Four months and eight days after the military regime – the State Law and Order Restoration Council (SLORC) – placed Daw Aung San Suu Kyi under house arrest at 54 University Avenue in Yangon’s Bahan Township under the State Protection Act, the election commission announced the election day and the deadline for candidate registration.
Daw Aung San Suu Kyi registered as a Lower House candidate for Bahan Township.
But candidates Labang Grawng and U Myint Than of the National Unity Party (NUP), the proxy of military dictator General Ne Win’s Burma Socialist Programme Party, filed a complaint with the township election commission about her application.
They said she did not meet eligibility criteria under Article 10 of Lower House Election Law due to her marriage to British academic Michael Aris.
Article 10(e) bans anyone with allegiance or entitlement to privileges from a foreign power.
Ethnic Kachin Labang Grawng, then 73, was one of the Kachin representatives who signed the historic Panglong Agreement in Shan State in 1947 with General Aung San, father of Daw Aung San Suu Kyi.

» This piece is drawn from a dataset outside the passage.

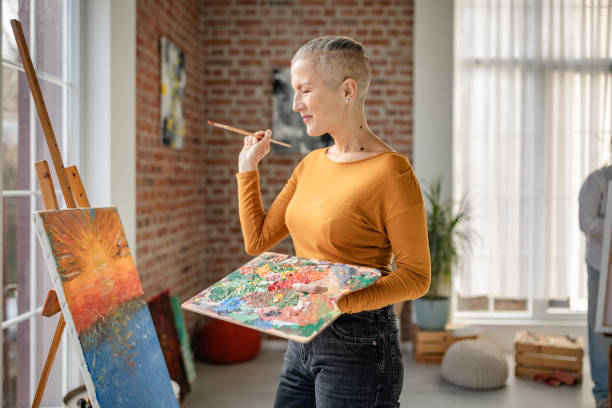 istock Creative artist working on a vibrant painting in a bright art studio during daylight hours 2195107868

He served as a Lower House lawmaker and in the Civil Service Selection and Training Department under Gen. Ne Win’s dictatorship.
The township election commission rejected the complaint against Daw Aung San Suu Kyi but the regional election commission accepted it. She, therefore, could not stand in the first multiparty election in 30 years.
There were reportedly serious disputes within the national-level election commission over the issue. Election Commission chairman, a retired financial commissioner U Ba Htay, and a commission member, retired Brigadier General Saw Kyar Doe, who was a friend of Gen. Aung San, opposed the complaint. But other commission members, like the former ambassador to Canada, U Kyaw Nyunt, retired pension and bond commissioner U San Maung and former Lower House lawmaker Sayar Chel accepted the complaint, according to the NLD.
Ninety-three parties contested the 1990 general election. The NLD, which was born out of the pro-democracy uprising in 1988, won 392 out of 485 constituencies while the NUP took just 10 seats.
Breaking its promise to return to the barracks and hand power to the election winners, the SLORC ignored the results, despite publishing them in the government gazette.
The military regime put Daw Aung San Suu Kyi under more than 14 years of house arrest over three separate periods.
The military government organized a general election in 2010 based on the 2008 Constitution that was widely criticized as undemocratic. The NLD boycotted the vote, saying it had no trust in any election organized by the military.
However, the party contested the 2012 by-elections, saying it would promote the rule of law, build peace and amend the 2008 Constitution.
The NLD won convincingly and Daw Aung San Suu Kyi was elected to represent Kawhmu Township in Yangon Region.